▶ _WORK ORDER_:
The answer must be an exact copy of the lines from the one containing "كورلا • ٢٠١٥ • خليجية" through the end of the records, with the pictures left out.

▶ _Captioned web images_:
##########
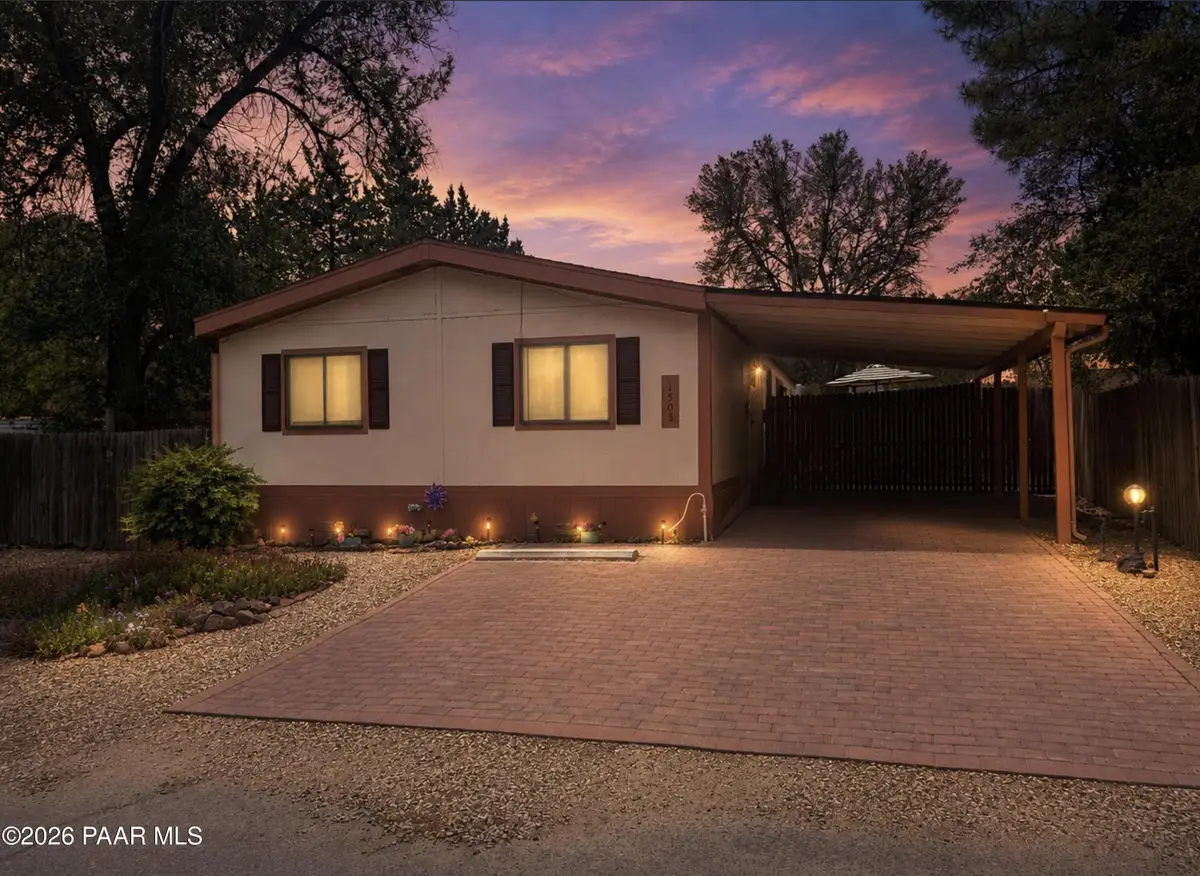 1505 Acklin Drive, Prescott, AZ 86301 - #1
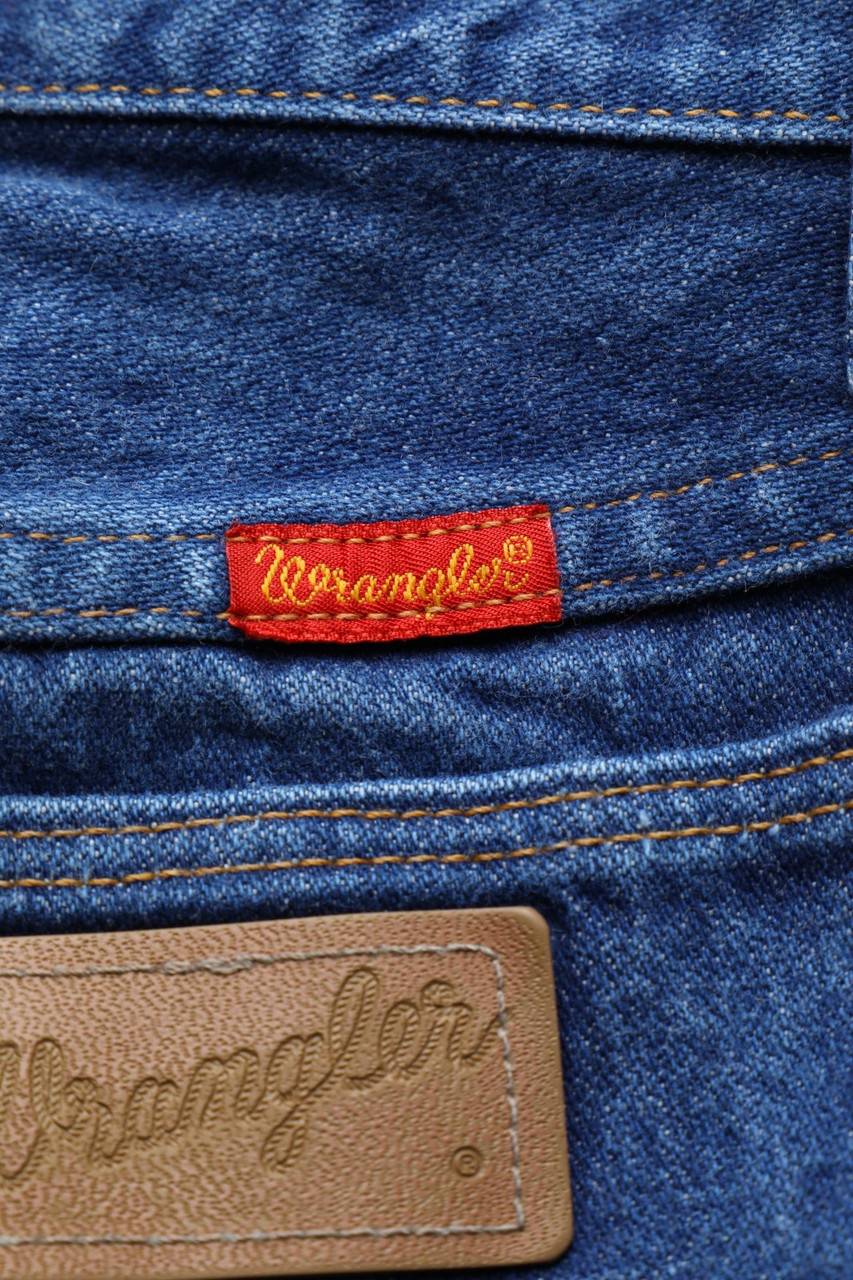 Carou WRANGLER Vintage-Slim Jeans Begrenzte Freigabe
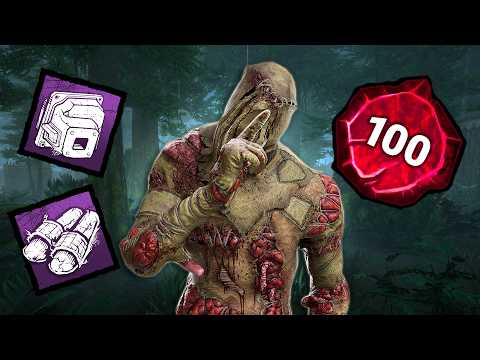 P100 Silent Billy Makes Survivors Give Up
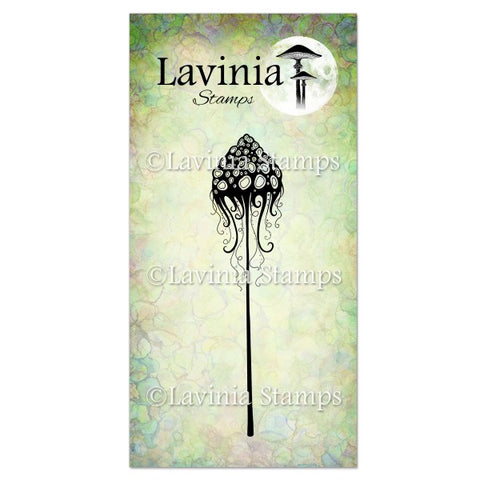 View   Lavinia Stamp - Mushroom Lantern Single Stamp ''to be retired''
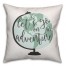 Let's Go On An Adventure 16x16 Spun Poly Pillow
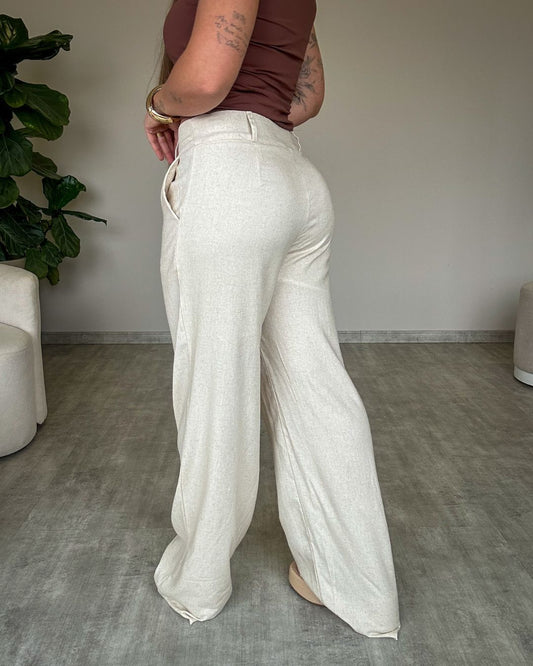 Calça Linho
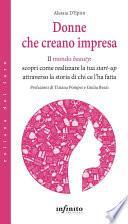 Donne che creano impresa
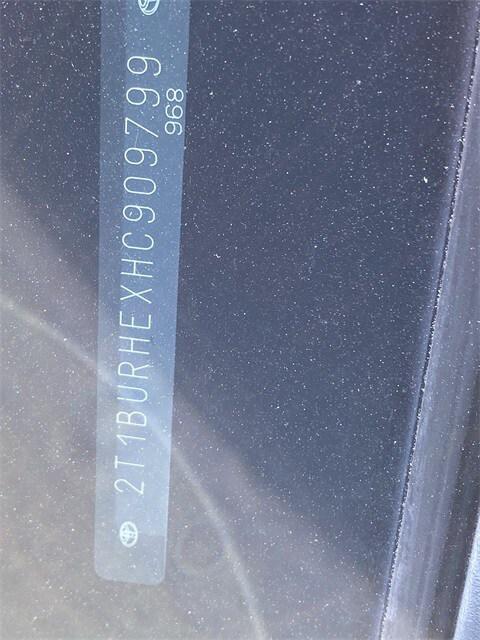 used 2017 Toyota Corolla car, priced at $13,981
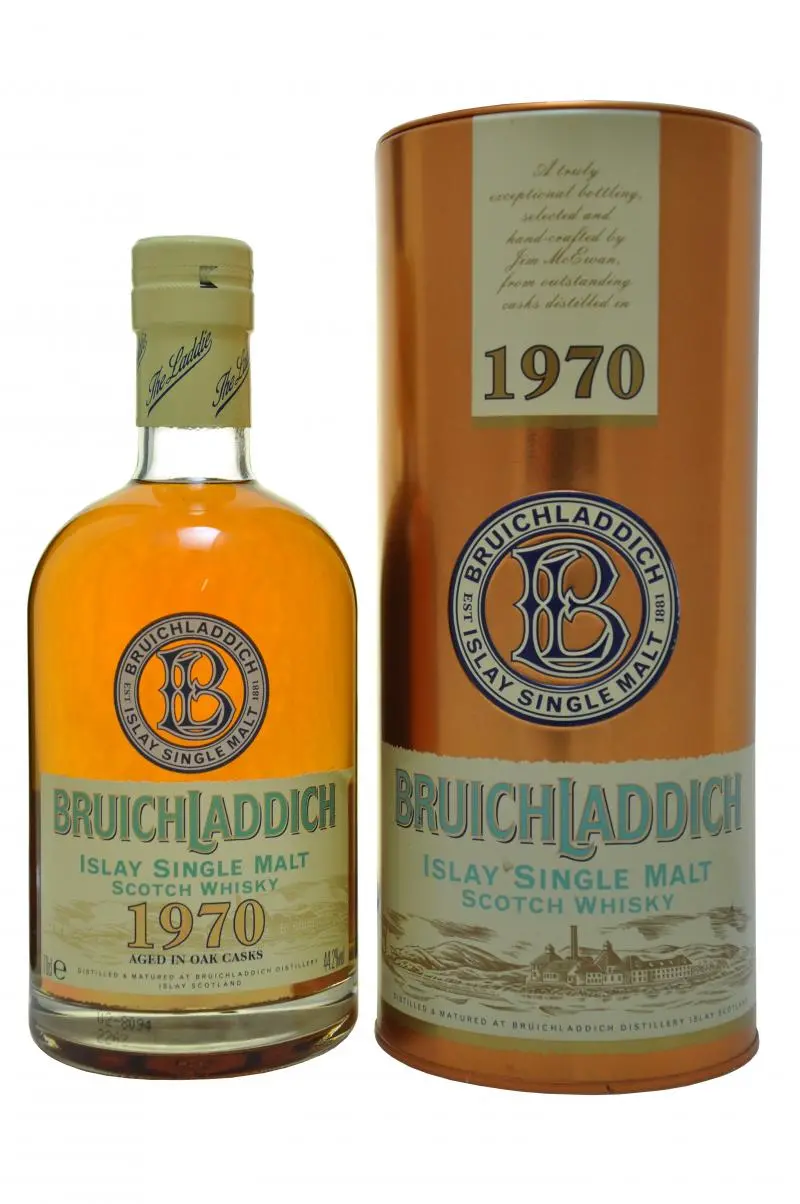 Bruichladdich 1970 1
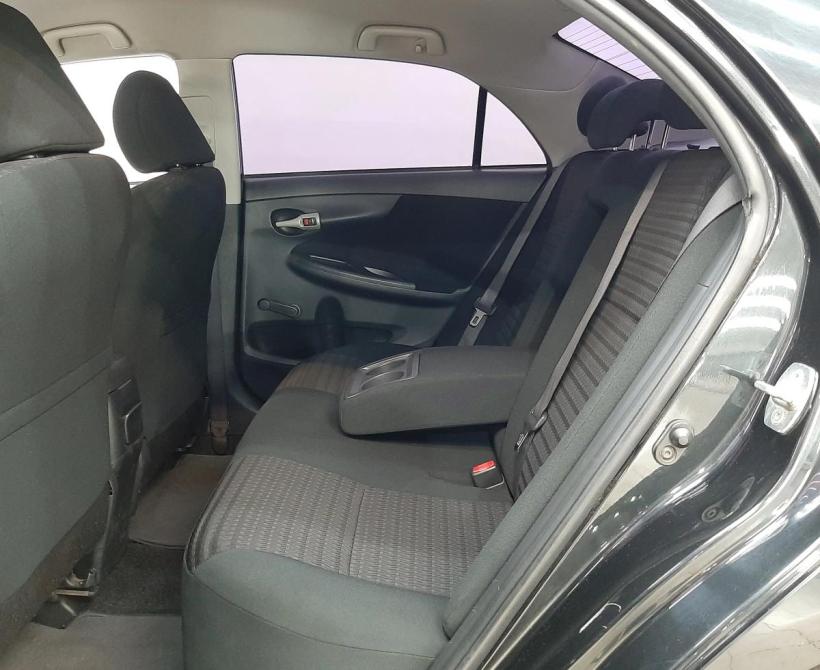 Toyota Corolla X (E140 E150) Москва  - изображение 12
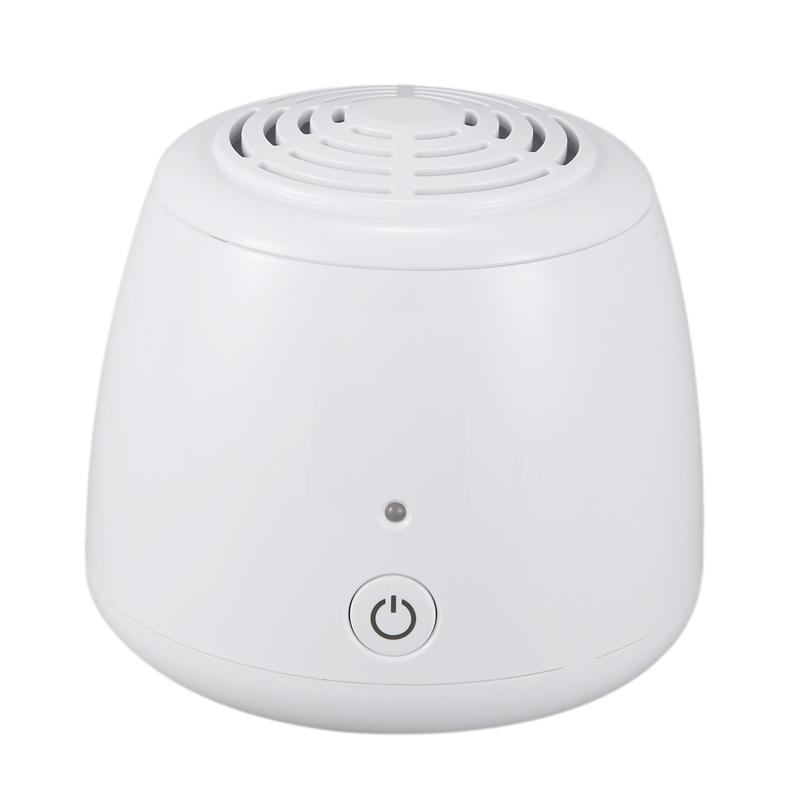 

Air Purifier Ozone Generator Dc5V Fridge Fruit Vegetables Shoe Wardrobe Car O3 Ionizer Disinfect Sterilizer Fresh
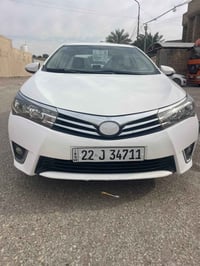 كورلا • ٢٠١٥ • خليجية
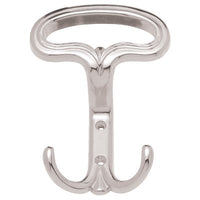 APPENDIABITI EFIM - ZAMA CROMO LUCIDO MM 132X96- 5 pezzi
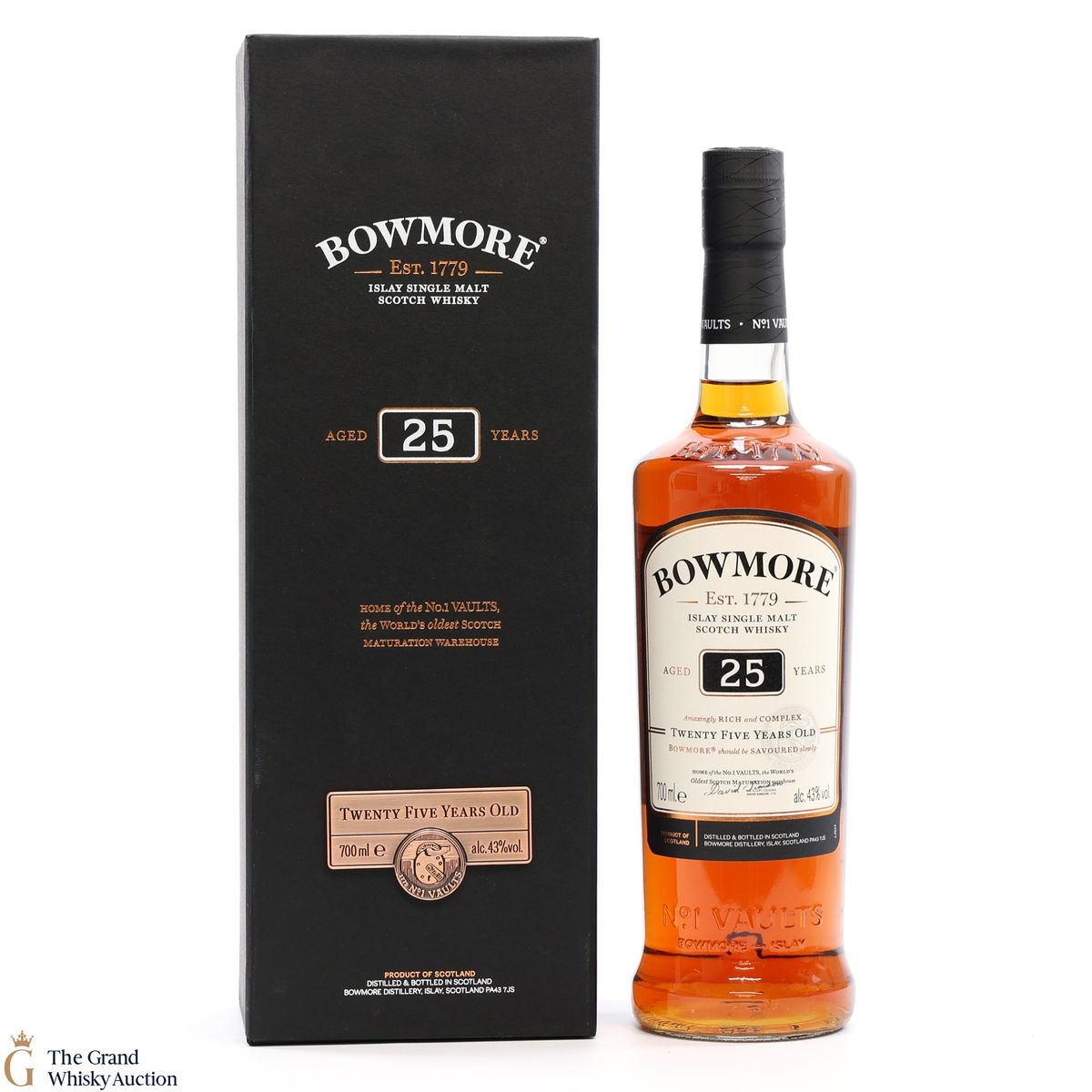 Bowmore - 25 Year Old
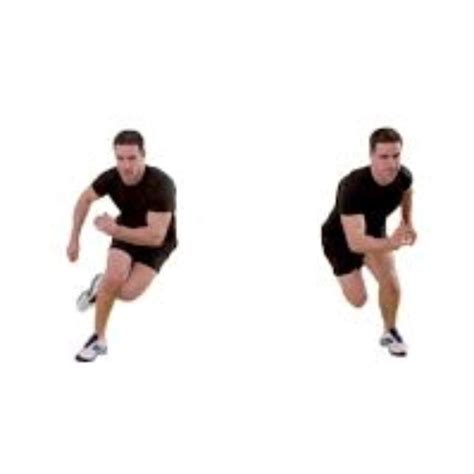 Speed Skaters By Silas Eisenback Exercise How To Skimble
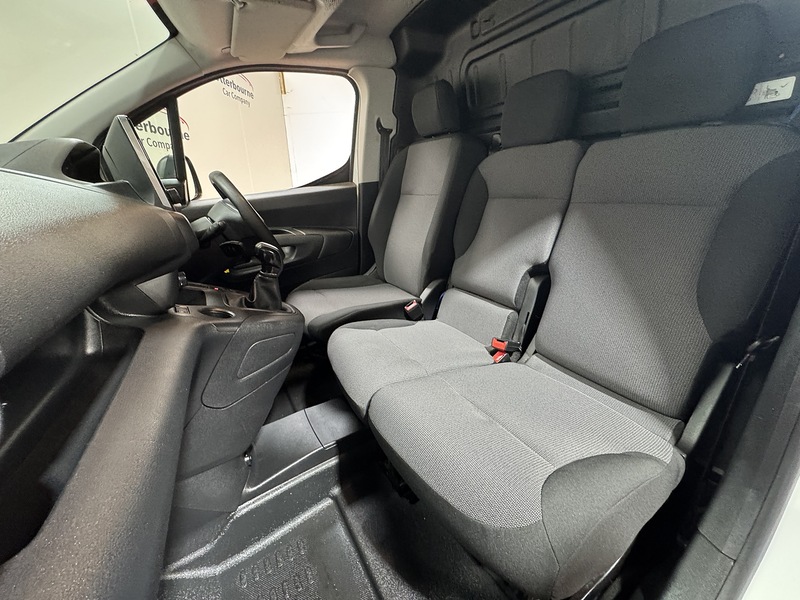 Peugeot Partner BlueHDi 1000 Professional - U1150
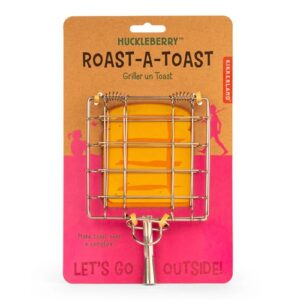Huckleberry tostiijzer - roast a toast in verpakking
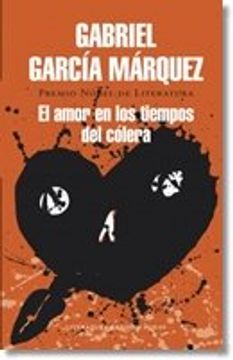 portada El amor en los tiempos del cólera (in Spanish)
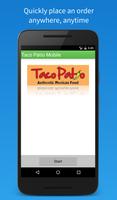 Taco Patio Mobile poster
##########
▶ _WRITTEN ANSWER_:
 كورلا • ٢٠١٥ • خليجية
 APPENDIABITI EFIM - ZAMA CROMO LUCIDO MM 132X96- 5 pezzi
 Bowmore - 25 Year Old
 Speed Skaters By Silas Eisenback Exercise How To Skimble
 Peugeot Partner BlueHDi 1000 Professional - U1150
Huckleberry tostiijzer - roast a toast in verpakking
 portada El amor en los tiempos del cólera (in Spanish)
 Taco Patio Mobile poster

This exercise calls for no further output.